The power station was planned to become the largest nuclear power station of East Germany - also the largest nuclear power station in all of Germany. After German reunification, the safety of the Soviet design was under question, and all plans for operation and further construction were halted.[1]

Altogether, it was planned to house 4 reactors at the site of the VVER-1000/320 type, which were some of the most modern and largest units of its time with 1000 MWe. Construction of unit 1 and 2 began in 1983 and units 3 and 4 remained in planning. Unit 1 was about 85% finished and unit 2 was about 15% finished.

The above-ground connecting building between all units has been knocked down. The emergency diesel generators for unit 1 were completed and still stand almost entirely intact.

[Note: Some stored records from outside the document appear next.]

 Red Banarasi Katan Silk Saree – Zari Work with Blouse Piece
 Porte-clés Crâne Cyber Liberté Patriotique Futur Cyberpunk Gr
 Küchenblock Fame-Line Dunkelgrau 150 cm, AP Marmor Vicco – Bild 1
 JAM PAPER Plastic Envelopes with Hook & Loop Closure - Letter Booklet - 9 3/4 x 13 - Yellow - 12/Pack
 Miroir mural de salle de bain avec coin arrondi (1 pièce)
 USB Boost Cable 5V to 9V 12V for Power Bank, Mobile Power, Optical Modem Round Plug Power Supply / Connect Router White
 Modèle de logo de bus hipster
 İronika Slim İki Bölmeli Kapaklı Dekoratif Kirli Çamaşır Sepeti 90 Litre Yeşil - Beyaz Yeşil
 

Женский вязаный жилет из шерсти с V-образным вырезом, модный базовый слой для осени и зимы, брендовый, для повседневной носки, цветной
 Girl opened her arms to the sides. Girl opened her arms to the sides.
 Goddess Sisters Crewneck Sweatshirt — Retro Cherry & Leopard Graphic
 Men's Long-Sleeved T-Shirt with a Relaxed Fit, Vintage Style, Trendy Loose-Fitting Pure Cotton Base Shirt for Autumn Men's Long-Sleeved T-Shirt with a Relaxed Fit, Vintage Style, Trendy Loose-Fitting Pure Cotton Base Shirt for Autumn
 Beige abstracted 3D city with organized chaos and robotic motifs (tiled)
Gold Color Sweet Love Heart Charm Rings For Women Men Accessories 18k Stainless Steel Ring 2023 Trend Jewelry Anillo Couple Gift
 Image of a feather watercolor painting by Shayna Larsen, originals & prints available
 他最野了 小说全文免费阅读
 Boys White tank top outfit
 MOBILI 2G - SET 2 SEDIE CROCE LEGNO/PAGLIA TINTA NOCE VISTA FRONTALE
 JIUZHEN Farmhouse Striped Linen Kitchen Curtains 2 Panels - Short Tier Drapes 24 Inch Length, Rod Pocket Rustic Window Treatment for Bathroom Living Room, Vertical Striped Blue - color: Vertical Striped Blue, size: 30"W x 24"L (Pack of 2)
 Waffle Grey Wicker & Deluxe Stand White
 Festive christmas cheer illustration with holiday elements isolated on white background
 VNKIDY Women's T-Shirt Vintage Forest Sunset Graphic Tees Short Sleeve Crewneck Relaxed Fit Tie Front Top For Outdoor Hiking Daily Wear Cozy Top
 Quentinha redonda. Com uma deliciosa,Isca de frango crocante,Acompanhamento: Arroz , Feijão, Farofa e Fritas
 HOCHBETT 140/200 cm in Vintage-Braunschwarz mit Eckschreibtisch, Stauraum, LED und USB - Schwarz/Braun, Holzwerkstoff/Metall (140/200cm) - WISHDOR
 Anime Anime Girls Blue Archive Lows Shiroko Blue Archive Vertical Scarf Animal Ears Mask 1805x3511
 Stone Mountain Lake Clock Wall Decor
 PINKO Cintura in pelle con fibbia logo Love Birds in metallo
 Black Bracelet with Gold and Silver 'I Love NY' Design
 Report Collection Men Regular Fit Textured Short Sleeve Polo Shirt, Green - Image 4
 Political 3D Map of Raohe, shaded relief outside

It was planned to have two cooling towers per reactor, as was typical with such Soviet designs. The turbine house was connected to the reactor buildings and each reactor had its own turbine and cooling towers in the designs. Several operating plants today have such a design, notably the Temelin Nuclear Power Plant in the Czech Republic.

A new innovation for the Stendal plant was that the reactor pressure vessel (RPV) plans were modified heavily by the company SKET in Magdeburg in connection with the Muscovite planning office. It was to be constructed with a new steel cell composite technique, which differed from other similar plants. This RPV was produced, but was then divided and scrapped in 1990/1991 in the course of the site deconstruction.

Through the German reunification, the construction was stopped and the three completed cooling towers were demolished in 1994 and 1999 with explosives.

The area is an industrial estate today.